Learn more about Tupesy Ceramics
Tupesy ceramics are a traditional folk ceramics crafted in the Tupesy village, which is situated in the east of the Czech Republic, in the Moravian region. The Tupesy ceramics is made manually on a pottery wheel and then decorated with designs typical for Moravia. The pottery is decorated on an unfired layer of glaze with five basic colors: red, yellow, blue, green and brown. The traditional Tupesy Ceramics are decorated with brushes with the motif of a red rose, which is inspired by the Haban Pottery.
The origins of pottery in Tupesy
The oldest archaeological findings of pottery in Tupesy date back to the 10th century. At those times in Tupesy there was made mostly so-called black pottery that was unglazed. The biggest fame of the Tupesy Ceramics came with the arrival of incomparably younger colorful ceramics called majolica (pottery covered with glaze and decorated), which was brought there by Jaroslav Urednicek at the beginning of the 20th century.
Jaroslav Urednicek and his ceramics
Even though Jaroslav Urednicek came from a family of potters, he studied engineering. After finishing his studies he was changing jobs very often, until 1909 when he purchased a brickyard in Tupesy and settled there. At first, he was making bricks, but soon he became interested in ceramics making. In 1914 in Hodonin he did a pottery course, which was focused on basics of jug making. This course was intended to help renew the traditional craft of majolica ceramics making in Moravian Slovakia (Slovacko). Jaroslav Urednicek was mostly interested in Haban Ceramics designs. This type of ceramics came to Moravia and West Slovakia from Germany and Italy thanks to the Anabaptist who were creating it there in the years 1534-1685. He refined their designs, added red color to them and added a motif of red rose, which is now so typical for Tupesy Ceramics.
After finishing the course Jaroslav Urednicek established his first workplace, which he named The First Moravian-Slovakian Ceramics of Jaroslav Urednicek. At first, he was not very lucky, since he was not very fond of working with the pottery wheel and his works tended to fall apart. He also was not very successful with glaze making, which turned pale every time he fired it. It did not take a long time, and he mastered the techniques. He was then able to mix himself not only the glaze but also the colors. He engaged most of his 22 children in the family business. The boys made the basic pottery, which then had to dry for four up to seven days. After drying, the pottery had to be fired in a kiln at approximately the temperature of 1652-1742°F. After two days the kiln was opened and what followed was painting by the girls. They covered the pottery in glaze and then painted it with colors. Firstly with yellow, then with blue and then it was contoured with black color. The red color remained encountered. Last to be applied was green, transparent color. Applied colors were gray until the pottery was fired again. During this firing colors merged with the glaze and became bright. The clay they used for the pottery was from a location near Tupesy, which they owned. The approximate consumption of clay per year was 50 kg. The colors they used they bought from Germany because the local colors were not good quality as the ones from Germany.

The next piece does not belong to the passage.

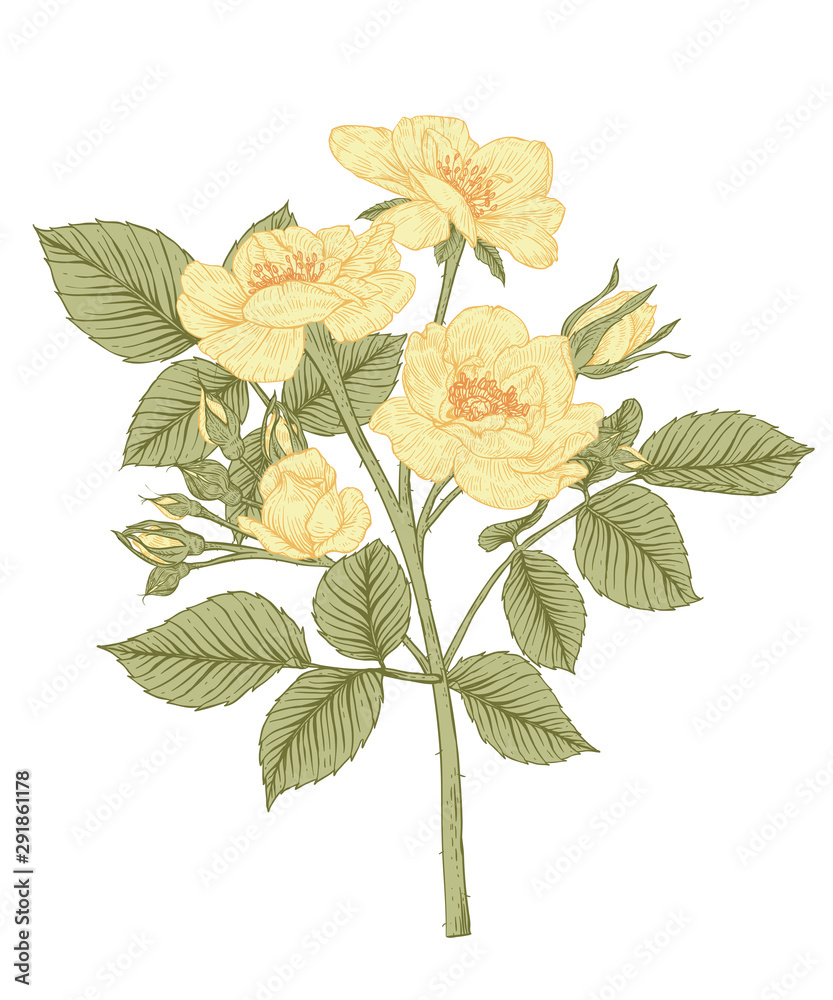 Sketch Floral Botany Collection. Yellow Rose flower drawings. Beautiful line art on white backgrounds. Hand Drawn Botanical Illustrations.Vector.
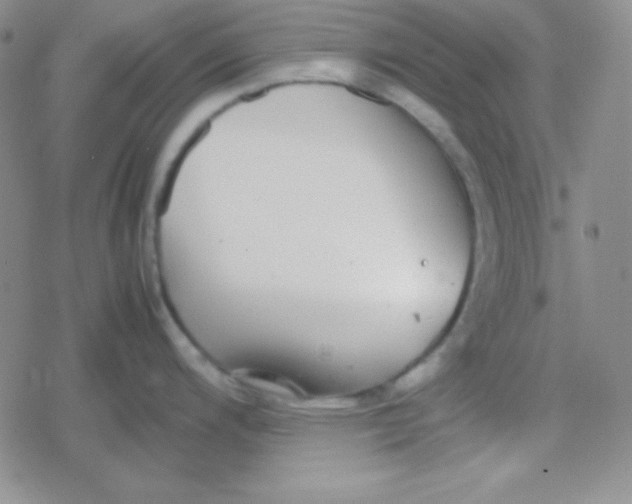 X0000079321200200612081926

Eventually a small workplace turned into a big successful workshop and their ceramics were sold almost worldwide. They had orders coming from Germany, Japan, Sweden, America, England, France and even India. In 1925 Tupesy Ceramics was given a diploma at the Exhibition of Modern Decorative and Industrial Arts, which took place in Paris. The successful growth of Jan Urednicek’s workshop was interrupted by the economic crisis. The production had to be lowered, because there were almost no sales and there was not enough work for all the employees. His sons Oldrich and Svatopluk traveled through Bohemia, Moravia and even Slovakia with their pottery wheel to show their crafting art. In 1935 things took a turn for the better and the turnover was rising. Son of Jaroslav Urednicek, Oldrich, took advantage of this favorable situation and founded his own ceramics business in Tupesy. Although it did not take long and there were not enough orders for both of the businesses. In 1947, they agreed to merge their businesses into one.
Tupesy Ceramics today
Today, the tradition of Tupesy Ceramics still continues, thanks to a few family businesses that continue in the tradition of their ancestors. There is also a Tupesy museum, which is situated directly in the Tupesy village and where you can learn everything about the history and tradition of this ceramics.